Due to its gaseous nature methane has to either be taken from a well connected to a pipeline network or simply abandoned; that which is left behind is referred to as stranded gas, and the Stranded Wind Initiative takes its name from this concept.
Aubrey McClendon, CEO of Chesapeake Energy Corporation, was forced to liquidate his holdings in the company last week.

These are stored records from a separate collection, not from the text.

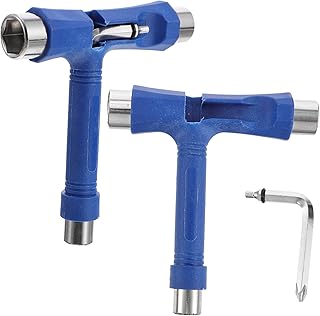 INOOMP 4 peças de skate T-Tool Ferramenta de ajuste de skate kit de ferramentas para skate ferramenta de ajuste de skate acessórios de skate acessórios de skate peças de scooter acessórios de skate chave de scooter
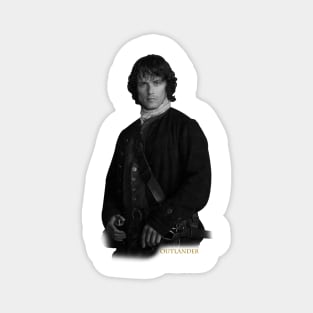 Outlander Jamie Staring Magnet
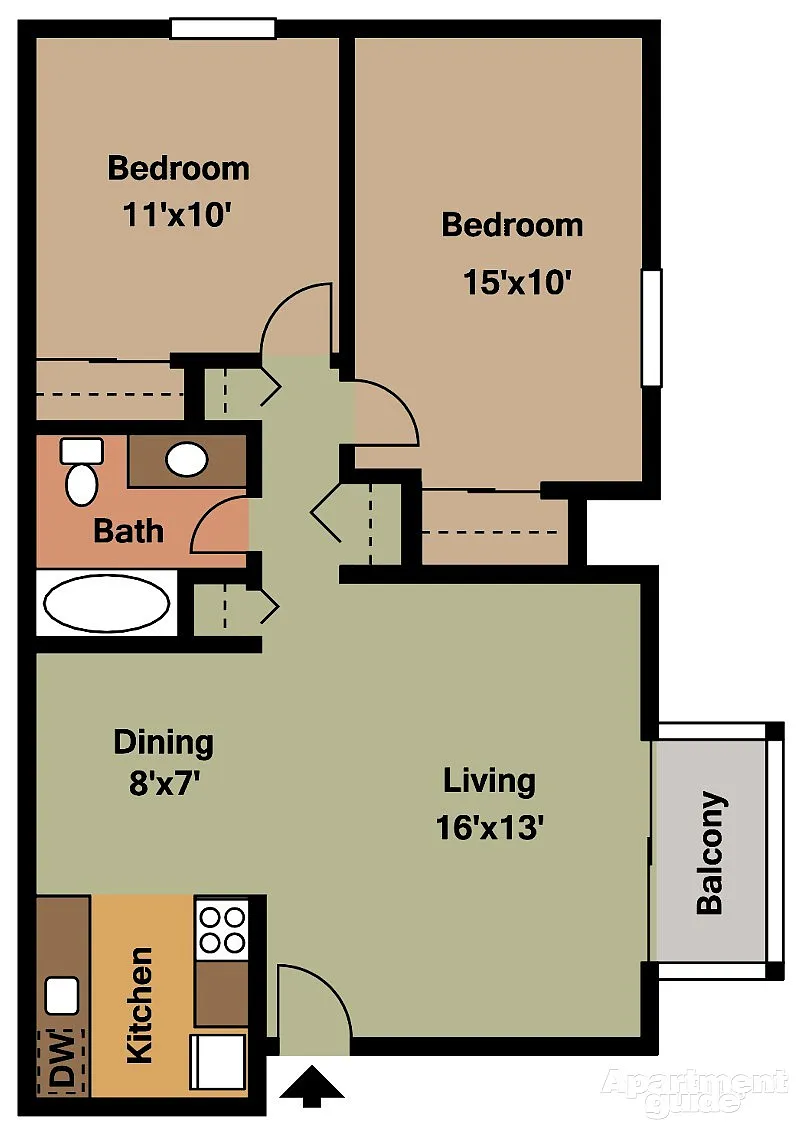 Floor plan Two Bedroom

"I am very disappointed to have been required to sell substantially all of my shares of Chesapeake. These involuntary and unexpected sales were precipitated by the extraordinary circumstances of the worldwide financial crisis. In no way do these sales reflect my view of the company’s financial position or my view of Chesapeake’s future performance potential. I have been the company’s largest individual shareholder for the past three years and frequently purchased additional shares of stock on margin as an expression of my complete confidence in the value of the company’s strategy and assets. My confidence in Chesapeake remains undiminished, and I look forward to rebuilding my ownership position in the company in the months and years ahead."
He had 30,000,000 shares that were worth $70 not so long ago – the liquidation was a two billion dollar loss. OK, so he is still very wealthy and why do we care? We care because this is about how much money Chesapeake has. They're going to dramatically scale back new wells.
Ammonia
Ammonia is a pungent, caustic gas at room temperature but it is easily pressurized and stored as a liquid. Ammonia itself, or various ammonia bearing compounds such as ammonium nitrate, ammonium carbonate, and urea are all used as fertilizer. Ammonia in its raw form also works tolerably well as a liquid fuel, performing rather like a low density diesel fuel.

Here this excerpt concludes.